# GRUBHUB Acceptance Rate



## Knight Grub (Jul 5, 2021)

New to GRUBHUB , started on the platform Friday. I have a question about stopping new offers from coming in while on an order. My issue is that at the end of shift while on my last order for the day I am still receiving orders and having to decline them which is destroying my acceptance rate. Today I received and rejected 7 new offers before I could finish my last order for the day. Is there any way to pause/stop new offerings from coming in while on that last order of the day?


----------



## Uberdriver2710 (Jul 15, 2015)

Knight Grub said:


> New to GRUBHUB , started on the platform Friday. I have a question about stopping new offers from coming in while on an order. My issue is that at the end of shift while on my last order for the day I am still receiving orders and having to decline them which is destroying my acceptance rate. Today I received and rejected 7 new offers before I could finish my last order for the day. Is there any way to pause/stop new offerings from coming in while on that last order of the day?


If you don't want orders coming to your phone, go 'unavailable'.


----------



## Knight Grub (Jul 5, 2021)

Uberdriver2710 said:


> If you don't want orders coming to your phone, go 'unavailable'.


Can't go unavailable while on an order.


----------



## Uberdriver2710 (Jul 15, 2015)

Knight Grub said:


> Can't go unavailable while on an order.


I do all the time....keeps orders from coming in when I'm at the drop off.


----------



## TheHammer (Jan 4, 2015)

You can set your phone to Unavailable and will no longer receive orders.

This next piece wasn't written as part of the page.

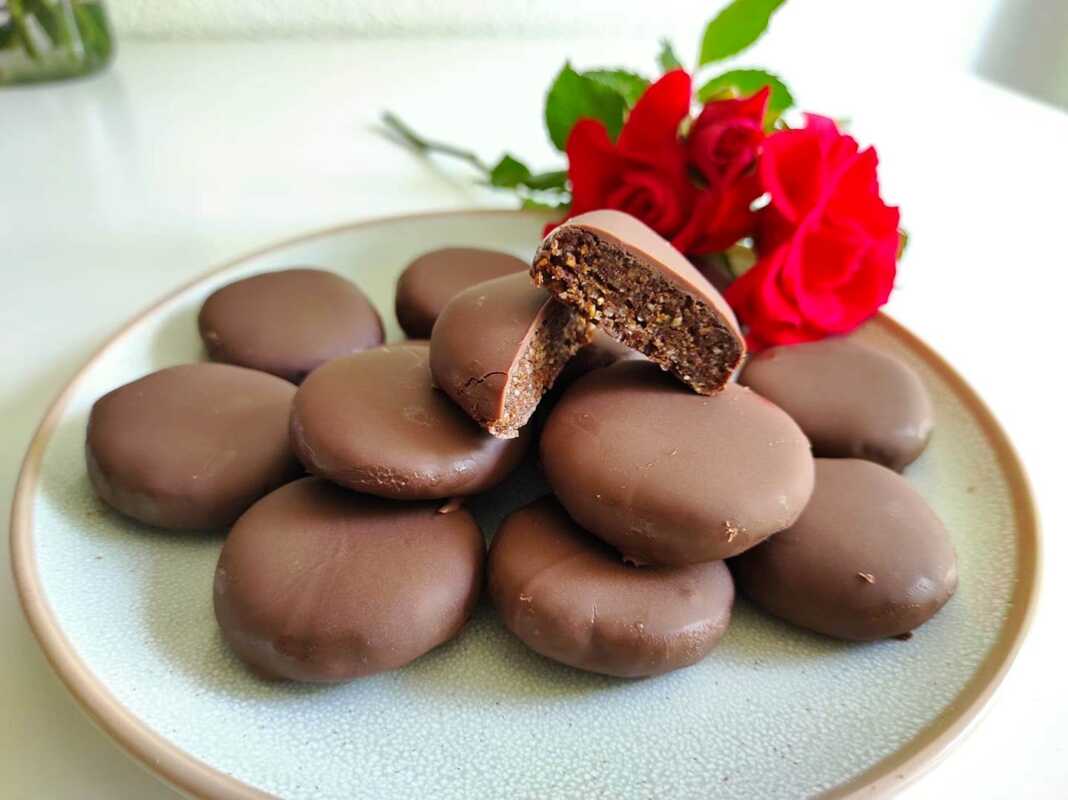 Γλυκάκια με σοκολάτα ,μέλι και χουρμάδες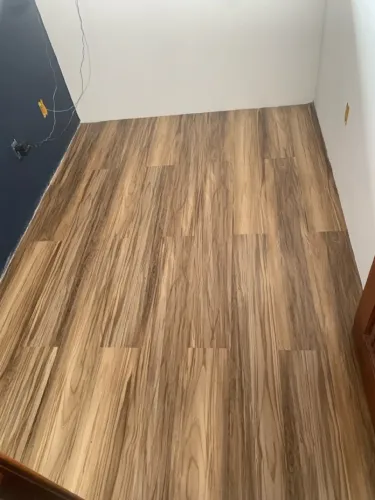 Piso Vinílico Amadeirado - Decore sua casa!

And you can do this even if you are on an order...Just try it..It works


----------



## Rickos69 (Nov 8, 2018)

Uberdriver2710 said:


> I do all the time....keeps orders from coming in when I'm at the drop off.

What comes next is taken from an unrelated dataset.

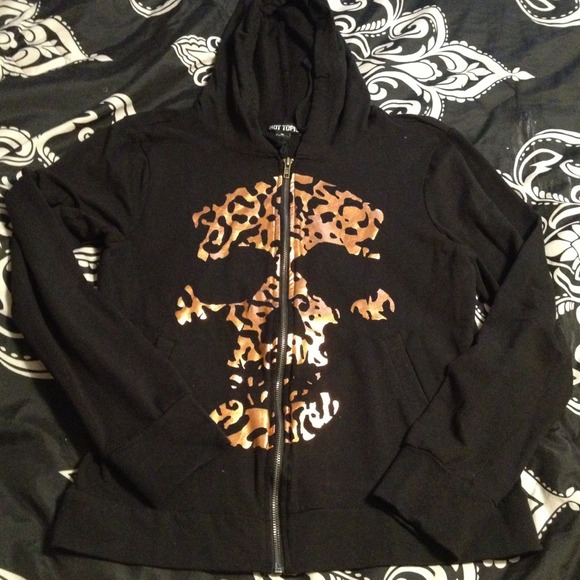 Hot topic black skull cheetah hoodie xl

The question here is, can you do it when you are in the middle of your block and not get counted as absent?
I go unavailable when I'm on my last delivery and my block has expired.
I have never tried it in the middle of a block.
Has anyone done it?
Its not that I care about my status since my acceptance rate is at19%. I just don't want to give them an
excuse to deactivate me.


----------



## Seamus (Jun 21, 2018)

Rickos69 said:


> The question here is, can you do it when you are in the middle of your block and not get counted as absent?
> I go unavailable when I'm on my last delivery and my block has expired.
> I have never tried it in the middle of a block.
> Has anyone done it?
> ...


Yeah I tried it to essentially "pause" like on DD. If you do it in the middle of the block you will start getting notifications to swipe back to available. After that they take you off block and send you a message saying they've updated your schedule and it counts like a dropped block.


----------



## Uberdriver2710 (Jul 15, 2015)

Seamus said:


> Yeah I tried it to essentially "pause" like on DD. If you do it in the middle of the block you will start getting notifications to swipe back to available. After that they take you off block and send you a message saying they've updated your schedule and it counts like a dropped block.


My block drop rate is 0%. However, my attendance is 67%.


----------